Google veut lâcher 64 millions de moustiques infectés par une bactérie : ce que personne ne vous dit sur ce programme

Le titre a affolé les réseaux : Google veut relâcher des millions de moustiques « infectés » en pleine nature. De quoi nourrir tous les fantasmes sur les géants de la tech qui jouent avec le vivant. Sauf que derrière le buzz, il y a un programme scientifique vieux de plusieurs décennies, des résultats publiés dans les meilleures revues médicales au monde… et une bactérie qui pourrait bien changer la donne jusqu’en France.
64 millions de moustiques mâles : pourquoi Google dépose une demande officielle
On reprend depuis le début. Le 6 mai 2026, un document déposé auprès de l’EPA, l’agence environnementale américaine, révèle que Google LLC demande un permis expérimental pour relâcher jusqu’à 16 millions de moustiques mâles par an, dans deux États : la Californie et la Floride.

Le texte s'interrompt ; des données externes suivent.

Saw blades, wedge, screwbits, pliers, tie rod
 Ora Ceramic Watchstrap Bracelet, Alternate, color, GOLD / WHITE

Sur deux ans, ça fait 64 millions d’insectes au total.
Le programme s’appelle Debug. Il est piloté par Verily, la branche sciences de la vie d’Alphabet, la maison mère de Google. Et non, il ne s’agit pas d’organismes génétiquement modifiés. Aucun pesticide chimique n’est dispersé non plus. La consultation publique s’est clôturée le 5 juin 2026. L’EPA n’a pas encore tranché.
Le principe repose sur une bactérie baptisée Wolbachia pipientis, naturellement présente chez environ 60 % des espèces d’insectes sur Terre. Quand un moustique mâle porteur de Wolbachia s’accouple avec une femelle sauvage qui ne l’est pas, les œufs produits n’éclosent jamais. La descendance est stérile. Génération après génération, la population de moustiques cible s’effondre.

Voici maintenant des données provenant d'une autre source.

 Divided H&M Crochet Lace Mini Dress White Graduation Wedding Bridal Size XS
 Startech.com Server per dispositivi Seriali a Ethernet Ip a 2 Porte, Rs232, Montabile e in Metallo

Précision essentielle : les moustiques relâchés sont exclusivement des mâles. Ils ne piquent pas. Ils ne transmettent aucune maladie. La bactérie Wolbachia est totalement inoffensive pour les humains et les animaux. Pourtant, l’EPA classe cette bactérie comme « pesticide chimique » au sens de la loi fédérale américaine, ce qui impose tout ce processus d’autorisation très encadré.
Des résultats spectaculaires : Singapour, le Brésil et une étude qui change tout
Google ne part pas de zéro. Les premiers essais Debug remontent à 2017 à Fresno, en Californie, où l’espèce visée était Aedes aegypti — le fameux moustique tigre, vecteur de la dengue et du Zika. Mais la demande de 2025 cible une autre espèce : Culex quinquefasciatus, le moustique commun du sud des États-Unis, principal vecteur du virus du Nil occidental.

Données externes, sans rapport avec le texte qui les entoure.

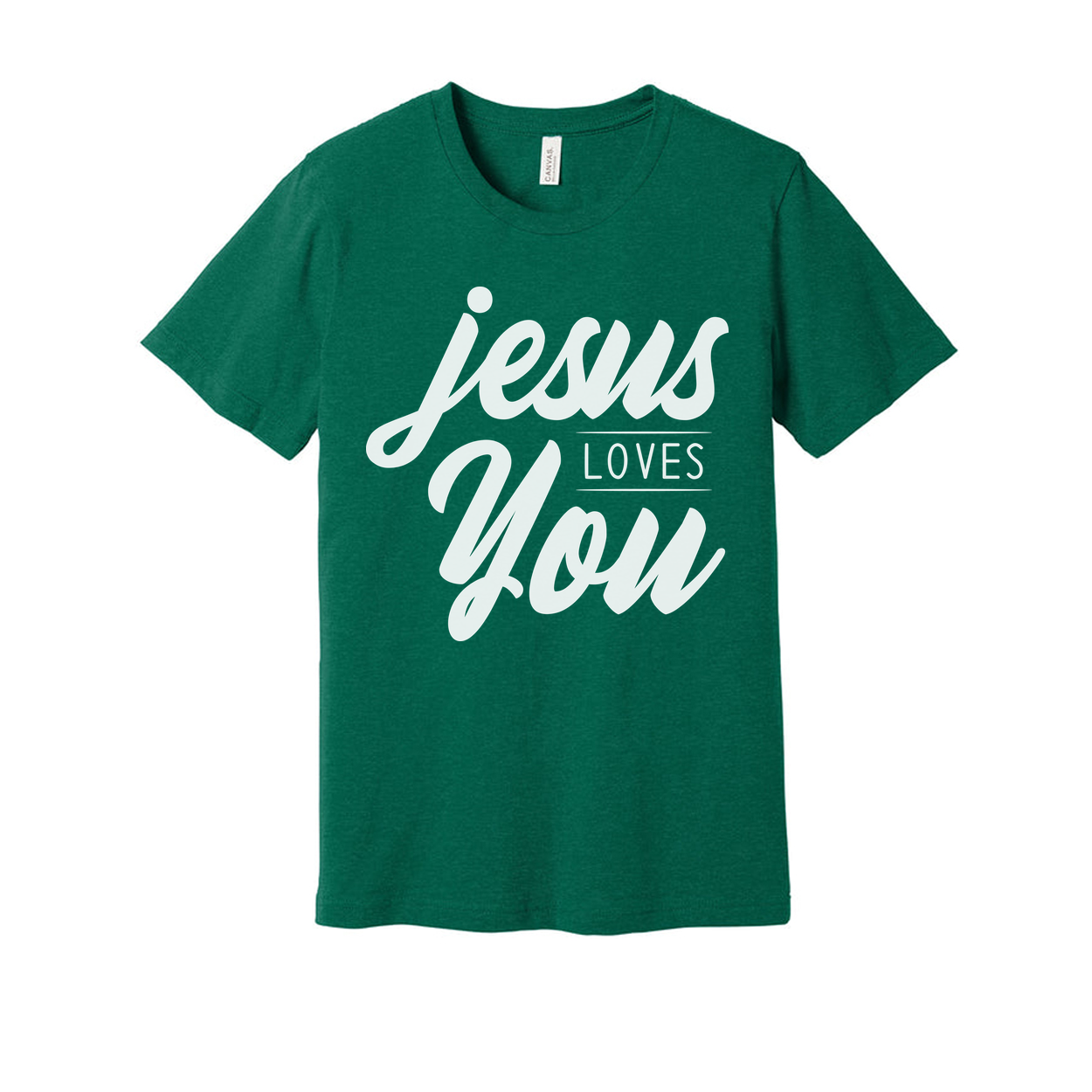 Jesus Loves You Unisex Christian T Shirt With Script Typography Graphic Print Design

Ce changement de cible est passé sous les radars médiatiques. Google élargit le spectre de sa technologie à un problème sanitaire spécifiquement nord-américain, bien au-delà des maladies tropicales.
Côté preuves, les chiffres parlent d’eux-mêmes. En février 2026, un essai clinique randomisé mené à Singapour sur plus de 700 000 résidents a été publié dans le New England Journal of Medicine. Résultat : une réduction de plus de 70 % du risque de dengue symptomatique dans les zones traitées. Les populations de femelles Aedes aegypti se sont effondrées en trois mois.
Au Brésil, la méthode a déjà quitté le stade expérimental pour intégrer l’arsenal sanitaire national. À Singapour, les lâchers de moustiques mâles couvriront plus de 50 % des foyers d’ici fin 2026. On n’est plus dans la science-fiction : c’est de la santé publique à grande échelle.

Et la France dans tout ça ? Le moustique tigre gagne du terrain chaque été
La question mérite d’être posée, et elle brûle d’actualité. Le moustique tigre a colonisé la quasi-totalité du territoire métropolitain français. Chaque été, des cas autochtones de dengue apparaissent dans le sud du pays. Les méthodes classiques — insecticides, pièges, démoustication — montrent leurs limites.
La lutte anti-vectorielle européenne amorce sa mue. En France, des programmes pilotes testent déjà le largage de moustiques mâles stériles par drone. La technologie Wolbachia pourrait y ajouter un complément redoutable, sans pesticide et sans modification génétique.
Reste un obstacle de taille : la réglementation européenne. Contrairement aux États-Unis où l’EPA peut délivrer un permis expérimental en quelques mois, l’Union européenne impose des procédures d’évaluation plus longues. Le cadre juridique pour classer Wolbachia — agent biologique, produit phytosanitaire, autre ? — n’est pas encore stabilisé.
En attendant, le dossier américain reste ouvert. L’EPA devrait rendre sa décision dans les semaines à venir. Si le feu vert est donné, Debug deviendrait le plus grand programme de lâcher de moustiques Wolbachia jamais autorisé sur le sol américain. Un précédent qui pourrait accélérer les choses de ce côté-ci de l’Atlantique.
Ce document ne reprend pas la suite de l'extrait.